Above is a novel technique to stop people parking in a red zone.  You designate it “douche parking” so that if anybody parks there, they’re by definition a douche.  “Wait,” the would-be parker thinks, “I’m not a douche, this isn’t the place for me.”  I wonder if it works.


Here on Fountain, a dumpster with a quotation from Carlos Castenada on the side.  I was going to write, “surely the only dumpster in town with a quotation from Carlos Castenada,” but this town being as it is, it seems perfectly possible that there’s more than one.  This is the kind of thing that makes Hollywood lovable.


And there’s the kind of thing that makes it less lovable.  Do we, does anyone, really need “a canine social club?”  Well of course the answer is no, but you can be sure this isn’t the only one in this town.


Fortunately on Melrose there was a good old fashioned bookstore, made even more appealing by being illuminated by a sort of magical light, though the guy behind the counter said he thought the store wasn’t likely to be in business in nine months time.

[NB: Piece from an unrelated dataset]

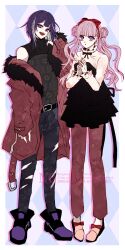 alternate_costume border brother_and_sister ear_piercing earrings eyelashes full_body hands_up highres jewelry long_hair looking_at_viewer matching_hair/eyes open_mouth piercing pink_eyes pink_hair purple_background purple_hair siblings simple_background standing teeth the_hundred_line_-last_defense_academy- tsukumo_ima tsukumo_kako twins twintails upper_teeth_only white_border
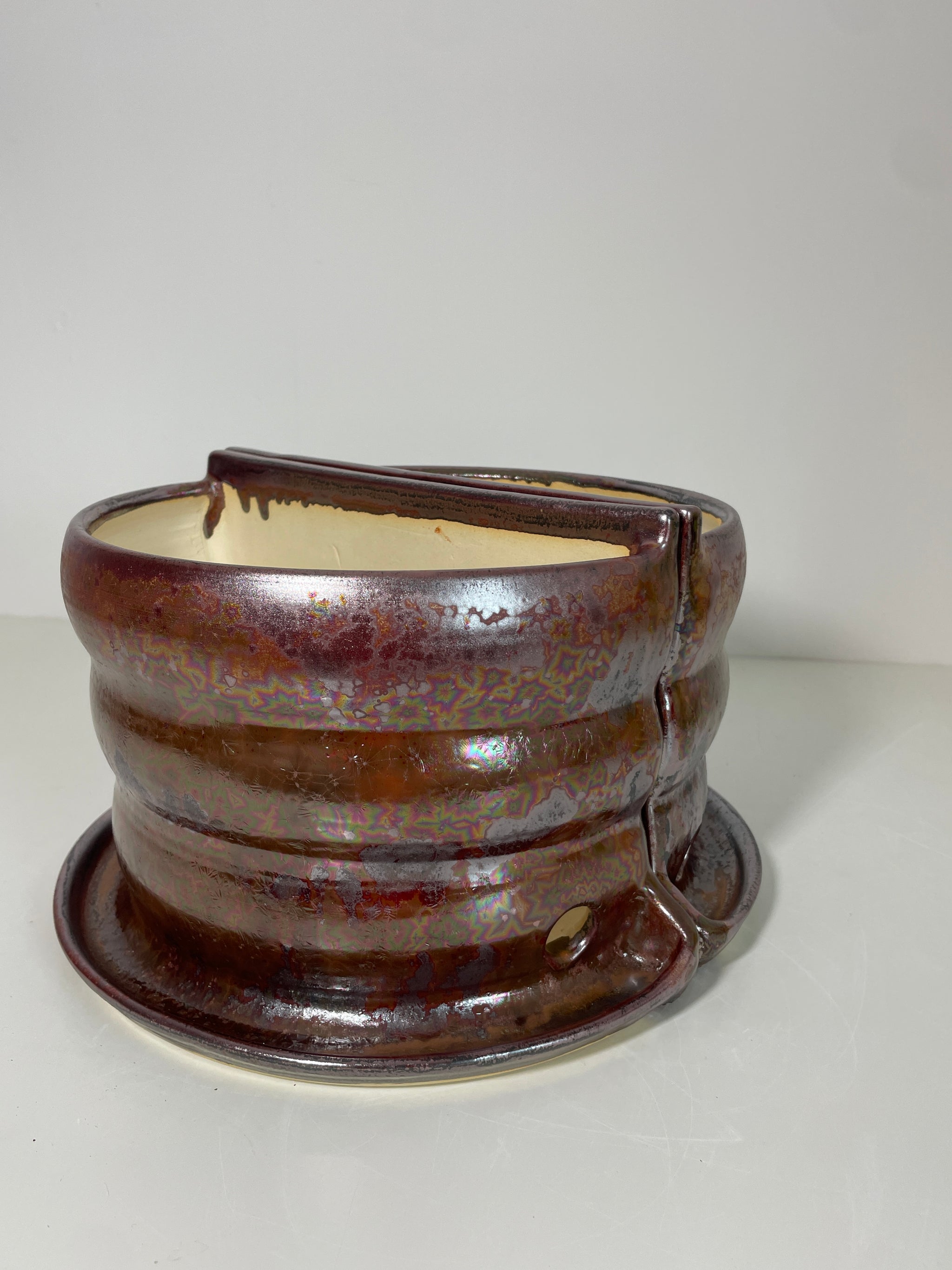 Large 8" Curvy Plant Shelfie Bookends in Mars Crystal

The light was also picking up this beautifully painted pawn shop.  I guess if you have to go to a pawn shop you might as well go to one with an eye-catching paintjob.  The sign saying “collectables” is especially intriguing.


And as is the way with magical light, it soon fades.  Here’s the Pink Elephant by night.  Yes, it is next door to a store that sells used appliances.  And yes, that is the Griffith Park Observatory behind it, illuminated on high.  “While the city was busy we wanted to rest/She decided to drive up to observatory crest,” as the song has it, but I didn’t.


I went to touch base and complete the circuit, take another look at Brooklyn Bridge by night.  It now seemed a lot more appropriate - sort of.

You know each year at about this time I think, this could be the year when I walk systematically along every street in Hollywood.  At this point, I’ve lived here long enough that I believe I probably have walked down every street in Hollywood, though I may have missed the odd one, so doing it systematically, marking it out on the map, filling in the grid, does have it’s appeal, the problem is that in the end I’m not a very systematic walker.   But who knows, maybe this will be the year.